■ YOUR ASSIGNMENT: Set down, word for word, each line from the top of the data through the line that has "A lot of people"; omit every picture.

■ AVAILABLE RECORDS:
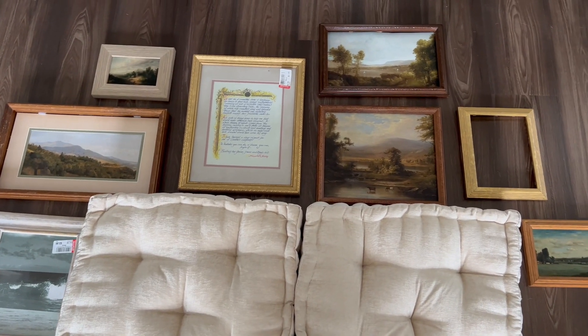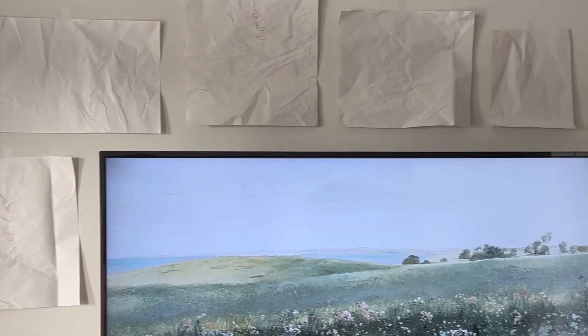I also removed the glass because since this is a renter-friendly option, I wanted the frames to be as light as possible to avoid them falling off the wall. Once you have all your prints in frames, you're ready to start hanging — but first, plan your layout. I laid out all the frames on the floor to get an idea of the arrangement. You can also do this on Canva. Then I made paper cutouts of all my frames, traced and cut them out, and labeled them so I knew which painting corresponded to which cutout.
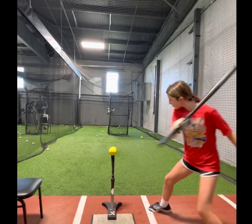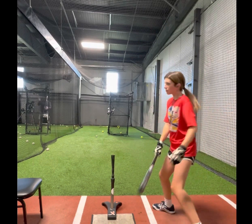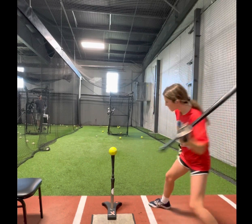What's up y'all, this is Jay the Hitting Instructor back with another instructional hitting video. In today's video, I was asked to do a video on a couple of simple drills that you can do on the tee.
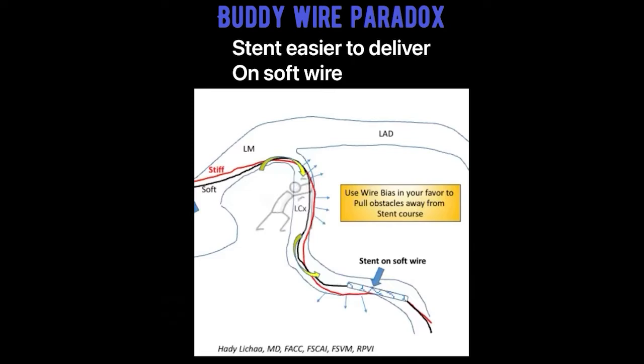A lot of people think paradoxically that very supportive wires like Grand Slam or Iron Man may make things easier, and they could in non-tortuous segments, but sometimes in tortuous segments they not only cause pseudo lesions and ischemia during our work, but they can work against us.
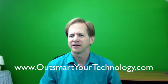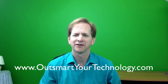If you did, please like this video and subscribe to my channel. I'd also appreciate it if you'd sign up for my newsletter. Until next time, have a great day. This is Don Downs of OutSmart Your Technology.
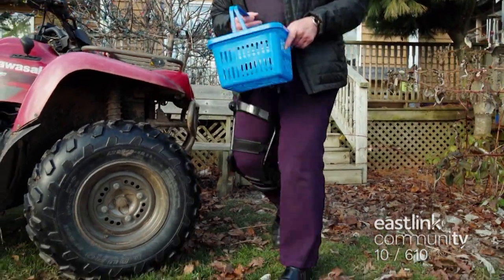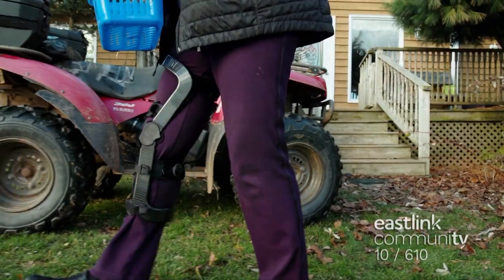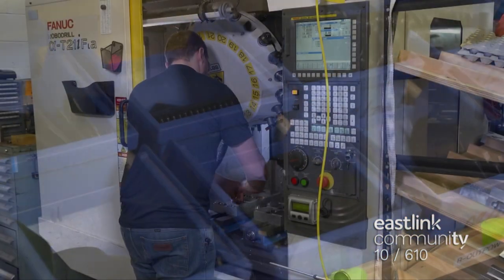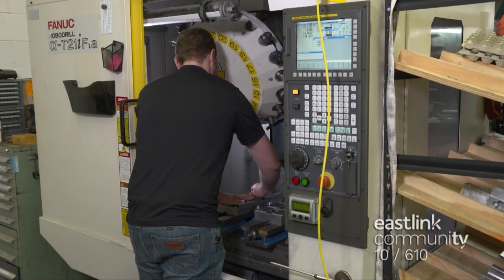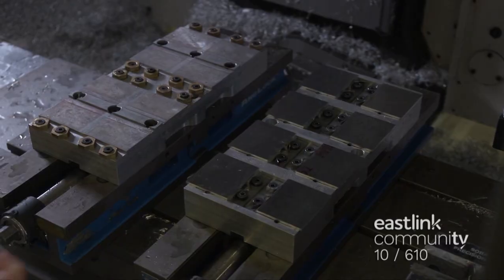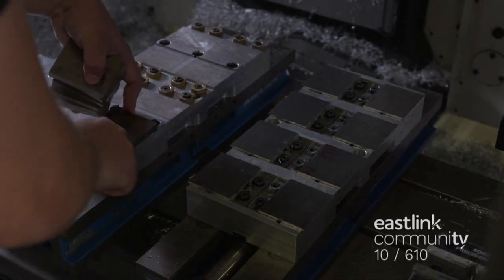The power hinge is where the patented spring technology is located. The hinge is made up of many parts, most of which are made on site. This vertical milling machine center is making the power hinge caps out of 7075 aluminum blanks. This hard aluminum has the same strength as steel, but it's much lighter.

■ EXERCISE OUTPUT:
I also removed the glass because since this is a renter-friendly option, I wanted the frames to be as light as possible to avoid them falling off the wall. Once you have all your prints in frames, you're ready to start hanging — but first, plan your layout. I laid out all the frames on the floor to get an idea of the arrangement. You can also do this on Canva. Then I made paper cutouts of all my frames, traced and cut them out, and labeled them so I knew which painting corresponded to which cutout.
What's up y'all, this is Jay the Hitting Instructor back with another instructional hitting video. In today's video, I was asked to do a video on a couple of simple drills that you can do on the tee.
A lot of people think paradoxically that very supportive wires like Grand Slam or Iron Man may make things easier, and they could in non-tortuous segments, but sometimes in tortuous segments they not only cause pseudo lesions and ischemia during our work, but they can work against us.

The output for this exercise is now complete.